Retractions Policy

This Retractions Policy is developed in accordance with the recommendations of the Committee on Publication Ethics (COPE), the Higher Education Commission (HEC), Pakistan, and internationally recognized standards and best practices for ethical scholarly publishing.

1. Purpose

This policy establishes the principles and procedures for retracting published articles when serious concerns arise regarding the reliability, integrity, or ethical compliance of the published work.

2. Grounds for Retraction

An article may be retracted when there is clear evidence of research misconduct or a serious breach of publication ethics, including plagiarism, data fabrication or falsification, duplicate or redundant publication, unethical research practices, undisclosed major conflicts of interest that invalidate the work, copyright infringement, manipulated peer review, or major errors that render the findings unreliable.

3. Initiation of Retraction

Retraction requests may originate from authors, readers, reviewers, editors, institutions, or other credible sources. Every allegation will be treated confidentially and evaluated objectively.

4. Investigation Process

The Editor-in-Chief, together with the Editorial Board where appropriate, will review the available evidence, communicate with the authors, and may seek clarification from the authors' institutions.

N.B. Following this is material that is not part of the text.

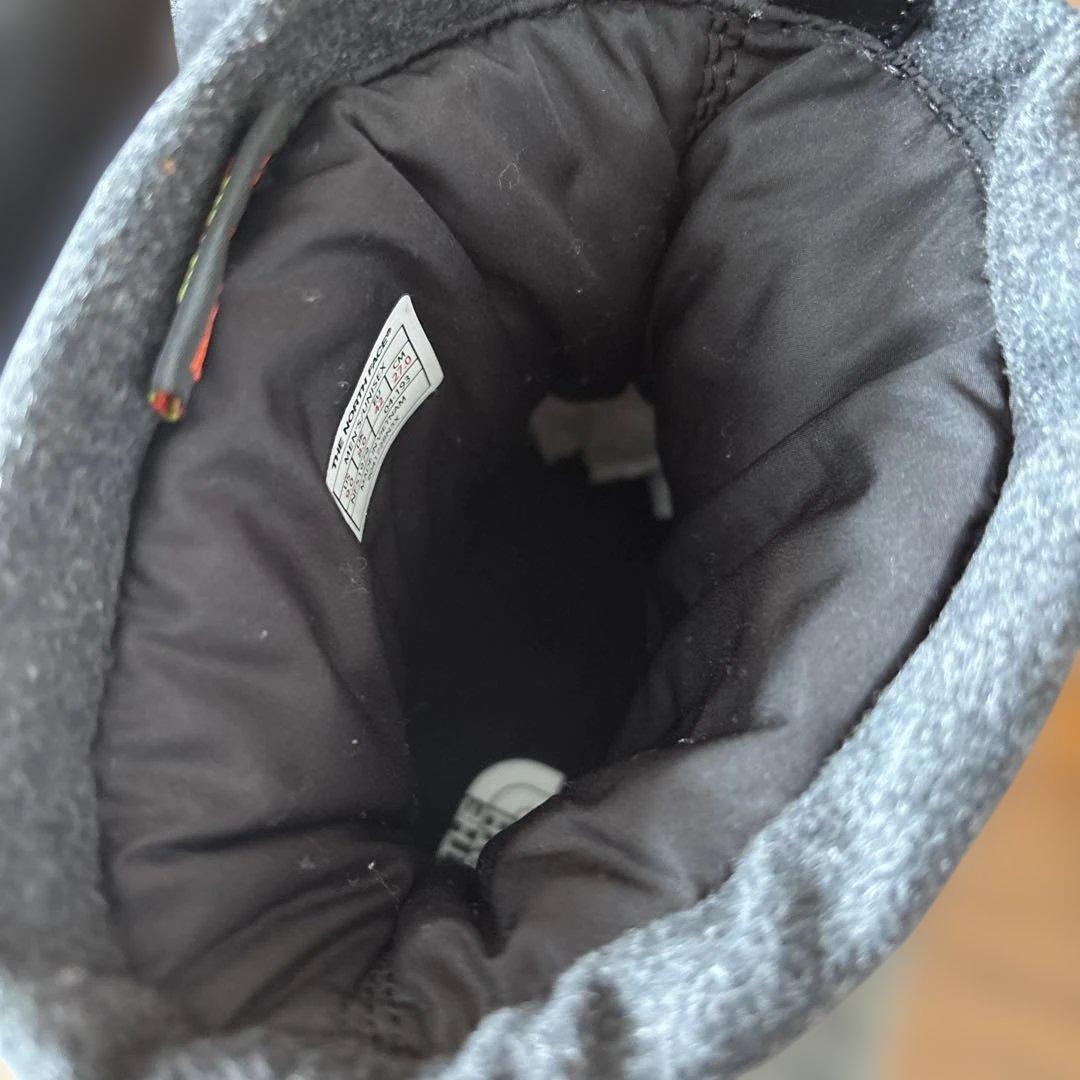 ザ・ノースフェイス ヌプシ ブーティウールV ショート スノーブーツ チャコール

Investigations will follow COPE guidance and principles of fairness, confidentiality, and due process.

5. Retraction Decision

If the investigation confirms that retraction is warranted, the Editor-in-Chief will approve the retraction. Authors will normally be informed before the final decision; however, the journal reserves the right to retract an article without author agreement when the evidence clearly justifies doing so.

6. Publication of Retraction Notice

A formal retraction notice will be published promptly, freely accessible, permanently linked to the original article, and clearly identify the reasons for the retraction. The notice will distinguish misconduct from honest error whenever possible.

7. Status of Retracted Articles

Retracted articles will remain available as part of the scholarly record but will be clearly marked as 'Retracted' on every electronic version. The original article will not be removed except where legally required.

8. Corrections Instead of Retraction

When errors are minor and do not invalidate the overall findings, NIJBM may publish a correction (erratum or corrigendum) rather than retract the article.

9. Author Responsibilities

Authors are expected to promptly inform the journal if they discover significant errors in their published work and to cooperate fully with any investigation or corrective action.

10. Editorial Independence

Retraction decisions are based solely on scholarly evidence, publication ethics, and the integrity of the academic record. Commercial interests, sponsorship, institutional affiliations, or personal relationships will not influence editorial decisions.

11. Appeals

Authors may submit a reasoned appeal with supporting evidence if they believe a retraction decision was made in error. The Editor-in-Chief may seek advice from independent experts or the Editorial Board before issuing a final decision.